Leaders wanted to create an accountability tool that would highlight meaningful progress and not shame and blame the schools that serve the most needy, at-risk student populations.
The state’s School Performance Profile metric gives equal weight to achievement and growth, and analyses consistently show that performance on SPP correlates strongly with student poverty.
Pivoting away from that model, SPR gives “progress” the most weight. And it derives those growth scores from the state’s value-added metric, PVAAS – which judges schools based on how well students perform on state tests compared to their results the previous year in relation to the rest of the state.
PVAAS results show very little correlation to student poverty in reading and math in non-high schools.
“It’s important for us to understand who’s growing children, because otherwise, if we just do it on achievement, then it paints a very different picture,” said Superintendent William Hite. “We need to acknowledge where children are growing.”

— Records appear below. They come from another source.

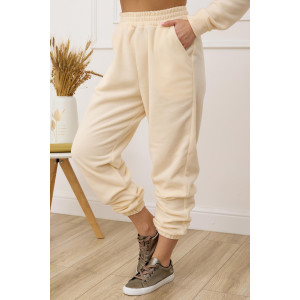 Брюки женские "Микс Б" флис (последний размер) белый 46,50,56,58 Брюки женские "Микс Б" флис (последний размер) белый 46,50,56,58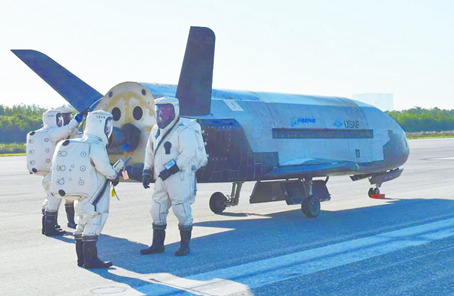 X-37B在轨718天执行啥任务？或验证太空武器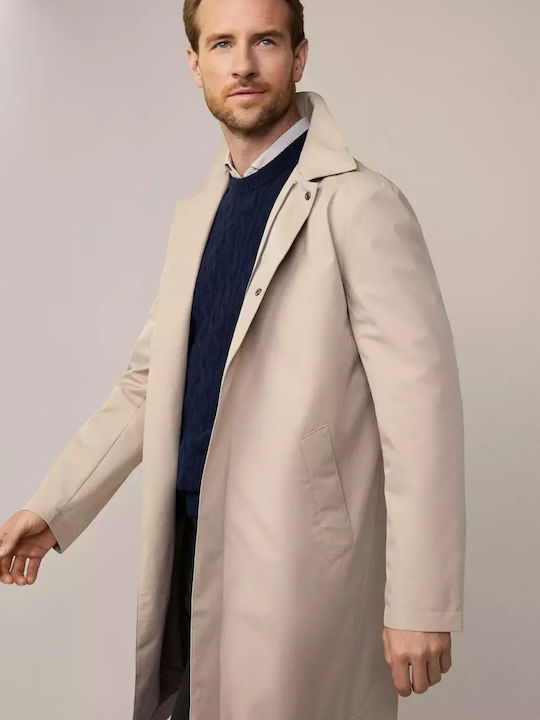 Herren Cabanjacke beige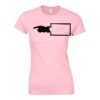 Softstyle™ women's ringspun t-shirt Thumbnail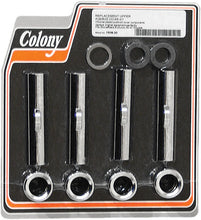 Load image into Gallery viewer, COLONY MACHINE UPPER PUSHROD COVER KIT OUTER EVO SHOV/40-47 KNUCK 7508-20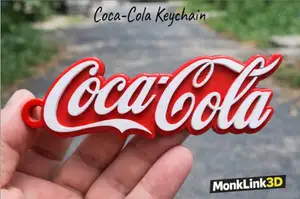 Coka-Cola Keychain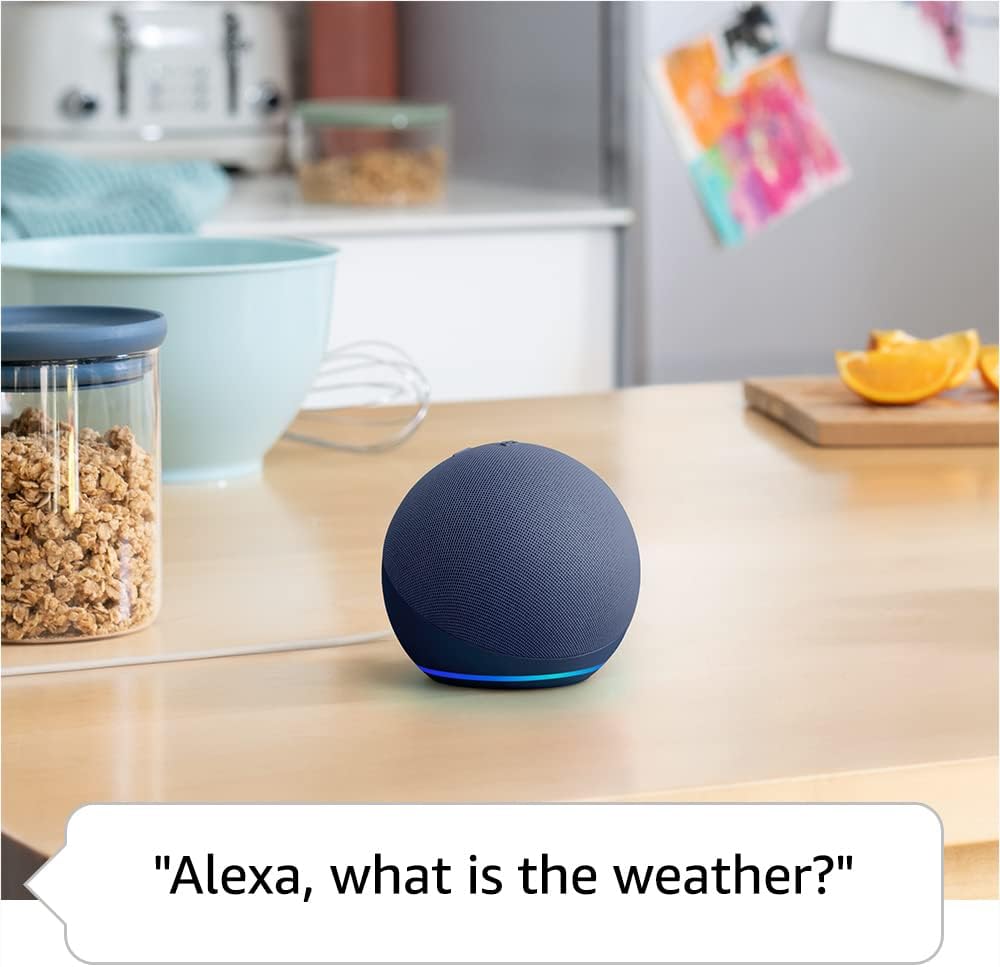 Amazon Echo Dot (5th Gen) Smart Speaker with Alexa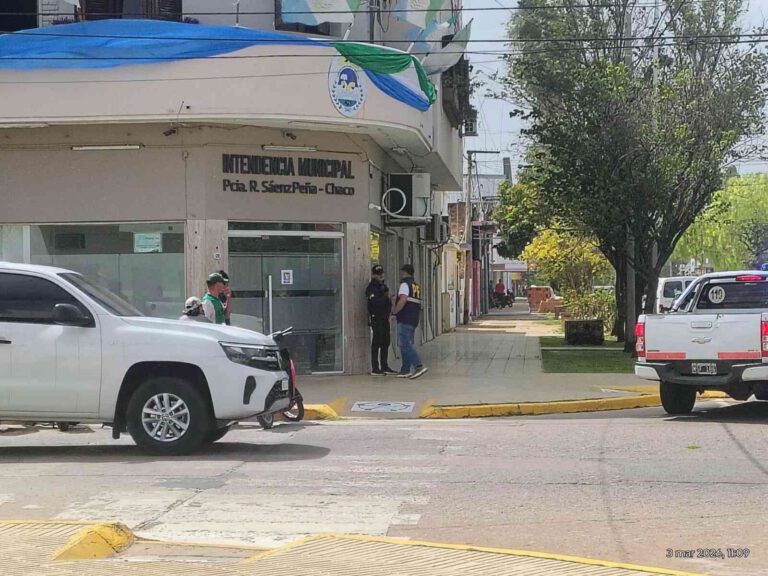 SÁENZ PEÑA – Allanan el Municipio y domicilios de funcionarios: desde el PJ pediran a Cipolini que tome licencia por el escándalo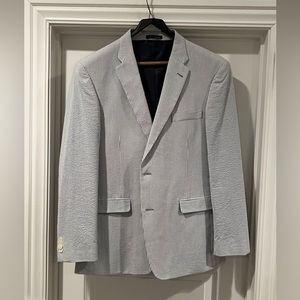 Tommy Hilfiger Seersucker Blazer
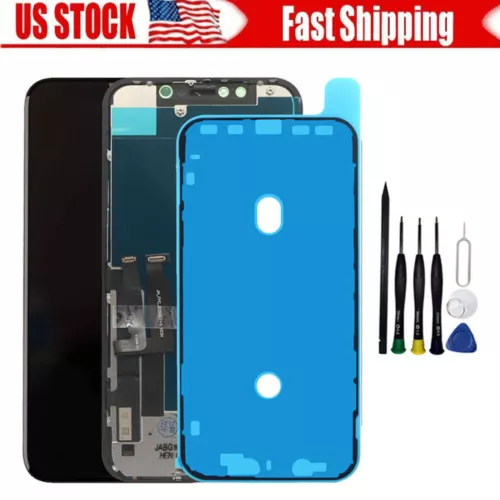 US LCD Touch Screen Digitizer Display For iPhone XR A1984 A2105 A2106 A2108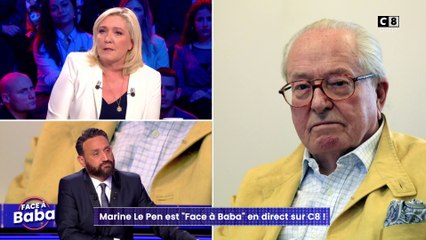 "C'est toujours compliqué" : Marine Le Pen évoque sa relation avec son père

But like most metrics that purport to evaluate school quality, the SPR has its share of critics – especially because of the year-to-year volatility of PVAAS.
The District has increased that volatility by adjusting the inner workings of the metric.
As a result, as the graph below shows, the most consistent thing about school “progress” as captured by SPR is inconsistency.
Of the 170 non-high schools that participated in SPR since its inception, the largest chunk moved into a different “progress” tier each year – both up and down.
(Here you can see an interactive spreadsheet of non-high schools that participated in SPR since its inception. Only District schools participated in year one.)
This volatility is what drove the District to give growth less emphasis, changing it from 50 percent of a school’s overall score to 40 percent in 2014-15.
But looking at the three years of SPR “progress” data raises questions like this:
If SPR tells us that, for instance, John Hancock Elementary has progress scores that moved from “reinforce” down to “intervene” before surging up to “model,” is it telling us anything meaningful about what’s going on inside the school?
For School Reform Commissioner Bill Green, the inconsistency calls into question the ways that the District has tinkered with the SPR.
“It’s not fair to the schools not to lock it down at a certain point,” said Green. “It’s hard on decision-makers and policy-makers when you have a score, but the underlying reason for that score is shifting.”
Highlighting a rarely seen rift between the SRC and the Hite administration, Jura Chung pushed back against Green’s recommendation.
“It’s a tradeoff, right? Do I keep the tool constant for the sake of longitudinal analysis?” she asked. “Or do I enhance the tool because I think these changes are making it better and giving us a better snapshot of school quality? I don’t want to give up one for the other, necessarily. I can commit to minimizing the changes. I can’t guarantee that we’ll have no changes from here on out.”
Chung added that she shares much more nuance and context with decision-makers than is available in the publicly available reports.